FOR IMMEDIATE RELEASE No. COC-06-017 September 12, 2005
Sheriff's North Academy Returns to Campus
More than 120 regular and reserve Los Angeles County Sheriff's Department deputies will be trained over the next year in a new Sheriffs training facility at College of the Canyons in Valencia. Known as the Sheriffs North Academy, training will take place weekdays for the regular officers and Wednesday nights and Sundays for the reserves. A new classroom building specifically for use by the Sheriffs has been placed on campus near the softball fields to accommodate this training.
Sheriff Baca will tour the new North Academy facility and College campus beginning at 10:30 a.m., Tuesday, September 13.
Classroom training and practical exercises will be in the curriculum and it will not be uncommon for the community to see platoons of Sheriff trainees hoofing the streets of Santa Clarita as part of their physical training regimen.
The first class of recruits began training at College of the Canyons on September 6, having spent the first two weeks of their academy training at a Whittier facility.

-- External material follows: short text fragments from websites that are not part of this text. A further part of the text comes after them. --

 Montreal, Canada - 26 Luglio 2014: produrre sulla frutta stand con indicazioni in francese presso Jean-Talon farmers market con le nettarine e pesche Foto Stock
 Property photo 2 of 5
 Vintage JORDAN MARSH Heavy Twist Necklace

Nearly 50 students are in the first academy class and a second class, including asmany as 75 students, is expected to begin in January 2006. The size of the academy classes reflects a recent upturn in hiring, with many new recruits coming from the Santa Clarita, San Fernando, Simi and Antelope Valleys as well as parts of Ventura County including Thousand Oaks and Camarillo.
According to Dr. Barry Gribbons, Vice President of Institutional Development at the college, We are delighted to partner with the Sheriffs Department in reopening the North Academy on our campus and look forward to a strong partnership with the Sheriffs Department for the foreseeable future.

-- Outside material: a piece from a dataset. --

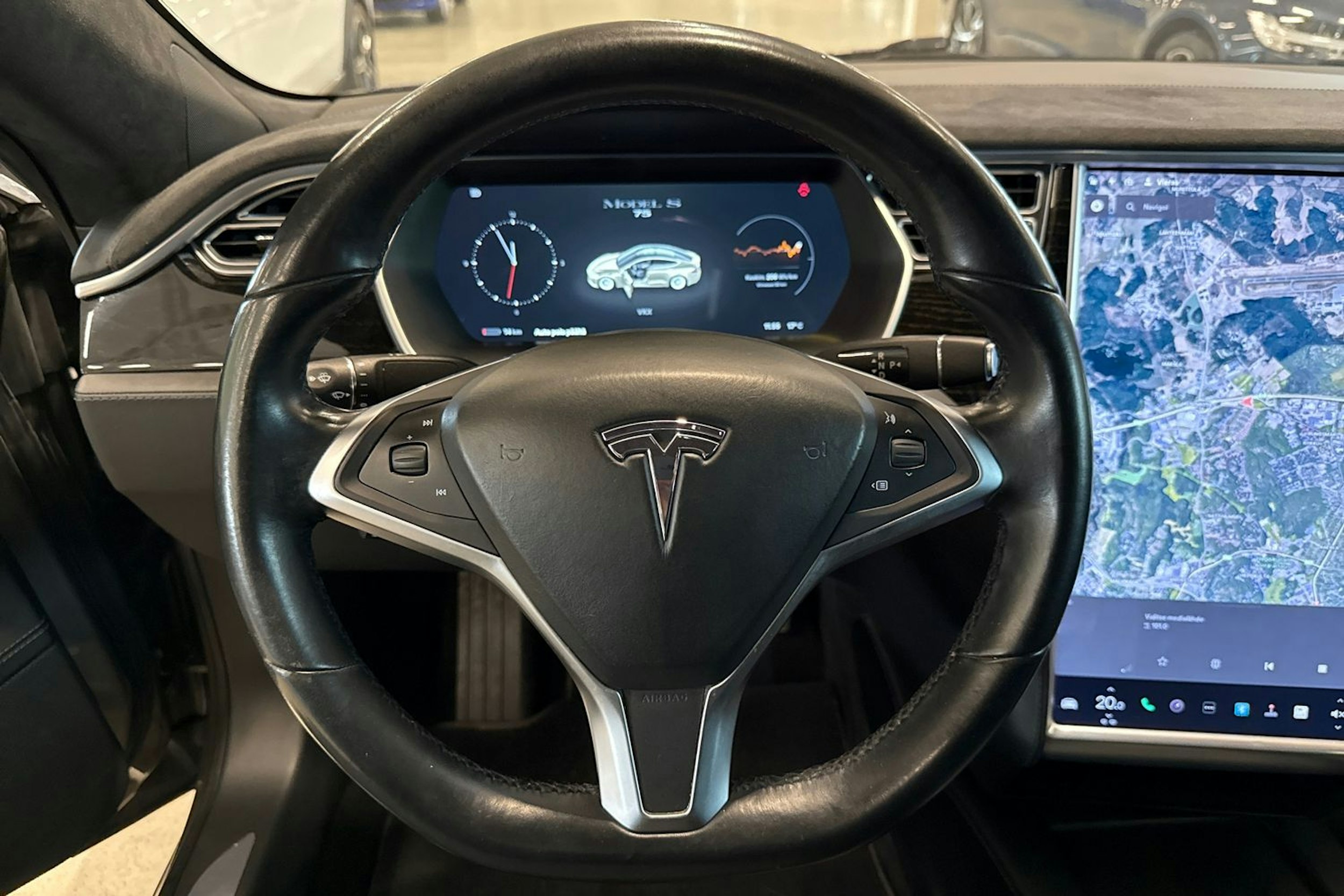 harmaa Tesla Model S 2016 kuva 18.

College of the Canyons parking lots will be used on occasion, as they have in the past, as practical training grounds for high-risk stops, so it wont be uncommon for community members to see patrol cars, flashing lights and what will look like real-life law enforcement activities occurring on college property. These activities are carefully controlled and monitored for safety and are some of the most important training the deputies undertake.
Deputies who complete the training will, in addition to the practical law enforcement skills and procedures necessary for their jobs, receive 10 units of degree-applicable, transferable credit which will allow them to advance educationally through their careers.
College of the Canyons has had a long history of training partnerships, providing in-service training for fire departments, the LAPD and the Sheriffs.